May I please interject here

Dec 30, 2004 12:50


Isn't it strange how you fall away from the people that meant so much to you at some point in your life.

A friend and I were having a discussion about the past. We brought back the old instant messenger that used to be cool in our younger years (ICQ and maybe it was only a few years ago). I also brought back an old journal site that I use to go to. I had some bad memories with it when I tried to use it before. Everything from my eighth grade year came back to me and that wound had not quite healed yet.  In one keystroke I heard Cass tell me about her step-dad and then in another I saw all of my friends kick me off of the lunch table. I'm not saying nothing good came out of my eighth grade year.. it was just hard for me. This is one of the first times I am actually talking about it since before Cass and Jen's mom died.

Cassie and I use to be such good friends. That year I ruined it. I made everything worse by telling a teacher about the dangers of the house she was living in. I think that she has resented me ever since. After I lost all of those friends, I lost my best friend Ashley. I was very beside myself. I found new friends, true, but since then I have never had a friend quite like Ashley, which isn't such a bad thing.

That was also the year I started going to the church that we now affectionately call the Nazi Church. I was invited by one of my new friends to go to a concert there. They were a fairly good band but I actually felt comfortable there. I met their new youth leaders and decided that this was a place that I wanted to be. I made friends with everyone at that youth group and help it grow. Beth, Adam, Christy, Ashley, JB and Iris had all become like family to me.

By the beginning of my freshman year I went to that church twice a week.
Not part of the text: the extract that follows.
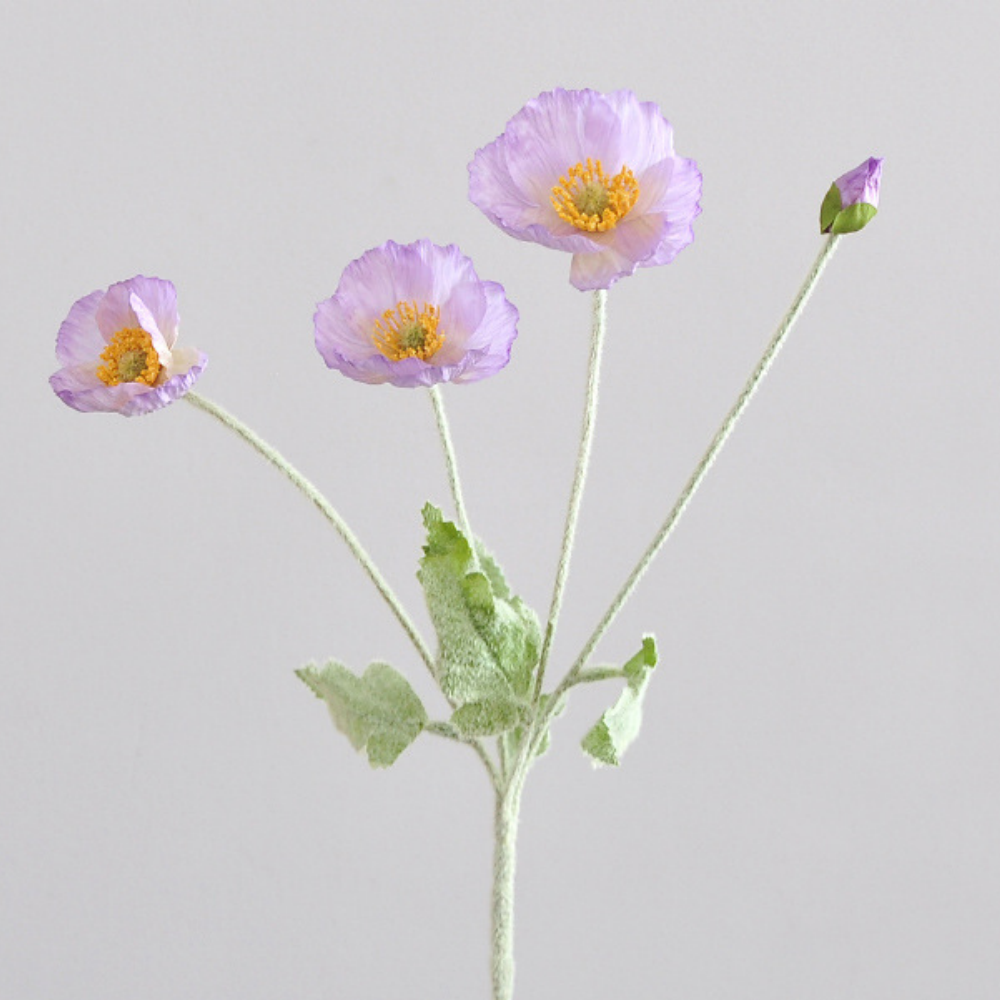 violeta claro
My mom would take me on Wednesday and Iris would pick me up on Sundays. I even joined the Youth Ministry team because I was "on fire for the lord." The group had grown and I met so many friends, including my future boyfriend. Some of my old friends started coming too like Brad, Tiffini, and Haley. I had so much fun their until close to the end of my freshman year.
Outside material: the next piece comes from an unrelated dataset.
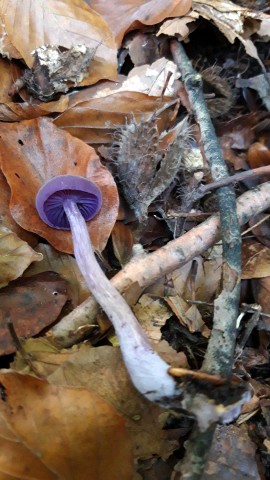 Laccaria amethystina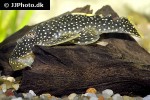 baryancistrus xanthellus l018 baryancistrus xanthellus l018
There was a group starting called The Gay/Straight Alliance. I was very excited when I heard this. Ever since I could remember I was very opinionated about this subject. Now, I can learn more and help spread tolerance throughout my school. I started to go to this group every Friday morning and even started advertising (right next to the church posters and my anti-war posters). Then someone in the group caught wind of my acceptance of gay people.
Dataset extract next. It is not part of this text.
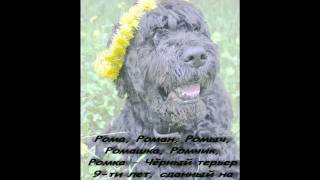 Русский Черный Терьер Ромка.wmv Русский Черный Терьер Ромка.wmv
They told JB and Iris. They had a talk with me and told me that if I didn't stop putting up posters for the "gay group" I would be kicked out of the Youth Ministry Team. We had a long heated discussion which ended on me telling them I was questioning my sexuality and them kicking me out of the Youth Ministry Team. This was a Wednesday, by Sunday I knew I couldn't go to that church any longer and I left a note along with a book that I had borrowed on my front porch. The note said " You don't have to pick me up for church anymore."

Here I am today, almost two years after the fact and I still miss all of those people. I interact with most of them everyday but it's just not the same as being friends with them. I guess the long-winded story wasn't necessary but I think you catch my drift.